The name Apgar is well known among neonatologists as well as obstetricians and anesthetists. The Apgar score has become a notable concept by now, being an integral part of the evaluation of the condition of the newborn.
Who was Virginia Apgar?
Virginia Apgar was one of the few women, whose career began as a surgeon at the Department of Surgery of the Columbia University in the ’30s. Perhaps typically, but fortunately, the chief surgeon at the time considered her unsuitable for surgical careers, so she became an anesthetist. Soon she founded the Department of Anesthesiology, and became Head of the Department. She was the first woman at the Columbia University in this position.
In 1953 she published a statement recommending a simple score system to evaluate the condition of the newborn. The scoring system allowed quick and easy evaluation of the status of the newborn, which determined the following steps in newborn care, and this proper care saved the lives of many newborns. However, the Apgar score has become the measure of obstetric care, a parameter which is objectively applicable in the evaluation of scientific results.

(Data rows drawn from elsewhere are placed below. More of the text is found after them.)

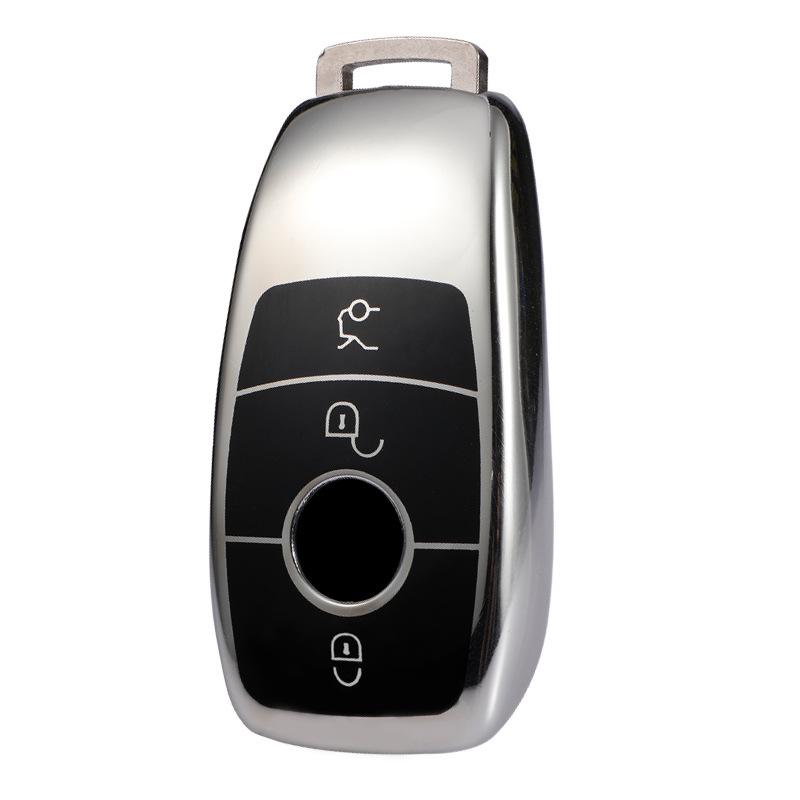 Mercedes-Benz E-Class TPU Key Case Cover for E300l E200l S320 LS450 - Full Protection Soft Rubber Key Bag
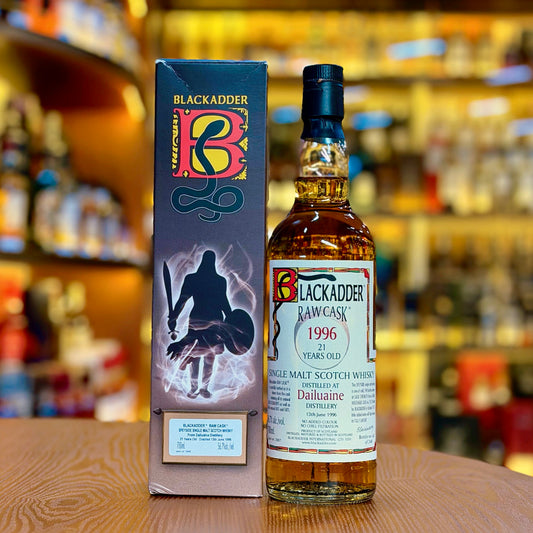 Dailuaine 21 Year Old 1996-2017 Hogshead #7537 "Raw Cask" by Blackadder Single Malt Scotch Whisky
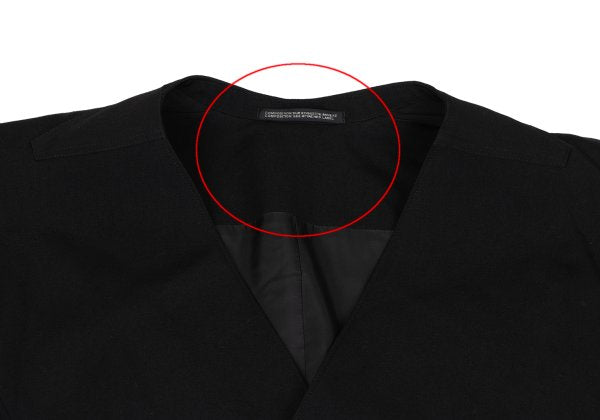 Yohji Yamamoto POUR HOMME 18AW Gabardine Coat Black Size 3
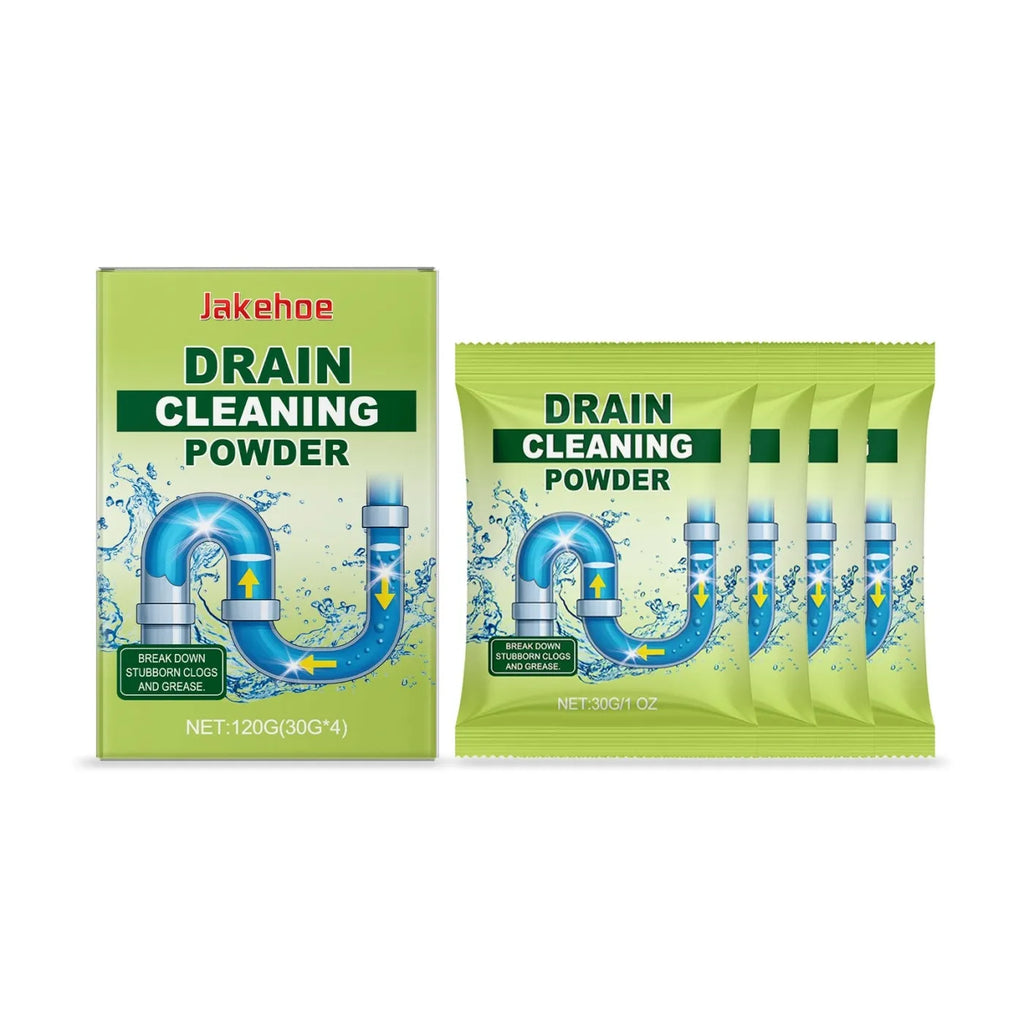 120g drain cleaning powder container for unblocking sinks and toilets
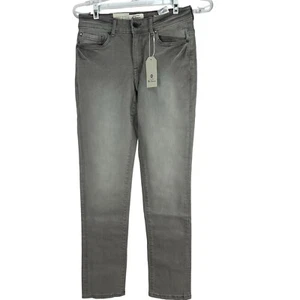 Ben Sherman Mens Straight Fit Stretch Jeans Lunar Gray 28W 34L - Picture 1 of 12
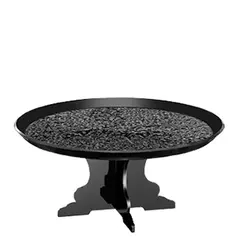 Βάση τούρταs Ακρυλικη, φ30 x Y10cm, μαύρη, GARIBALDI U1230-10-BK-V2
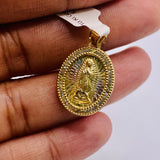 Real 10KT Gold 2in1 Jesus and Mary Charm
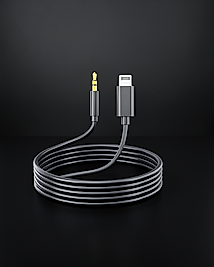 AUX Kablosu + Lightning Giriş 1 metre UCZZZİPHONEAUX-5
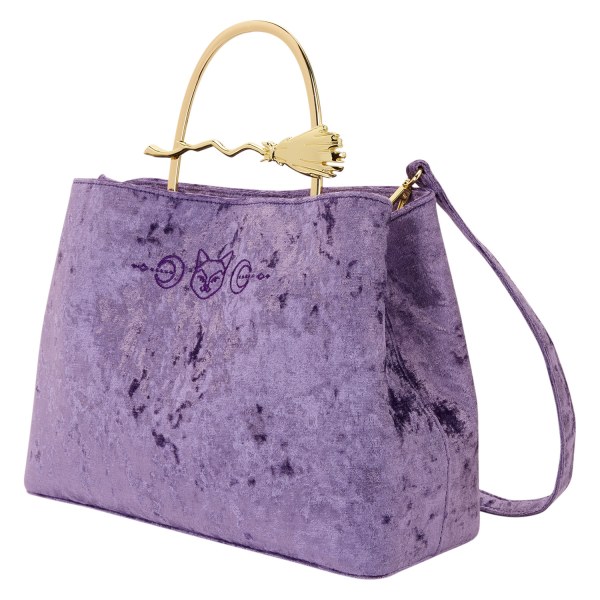 VELVET HANDBAG MET BROOMSTICK - DISNEY LOUNGEFLY HOCUS POCUS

The life of Virginia Apgar symbolizes the cooperation among three professional areas, obstetrics, anesthesiology and neonatology. As an anesthetist her activities fundamentally determined the development of obstetrics and neonatology.
The board of the Hungarian Society of Perinatology and Obstetric Anesthesiology voted unanimously to donate an annual prize to those who promoted with their outstanding activities the development of obstetrical anesthesia and perinatology, and this award will be named after Virginia Apgar.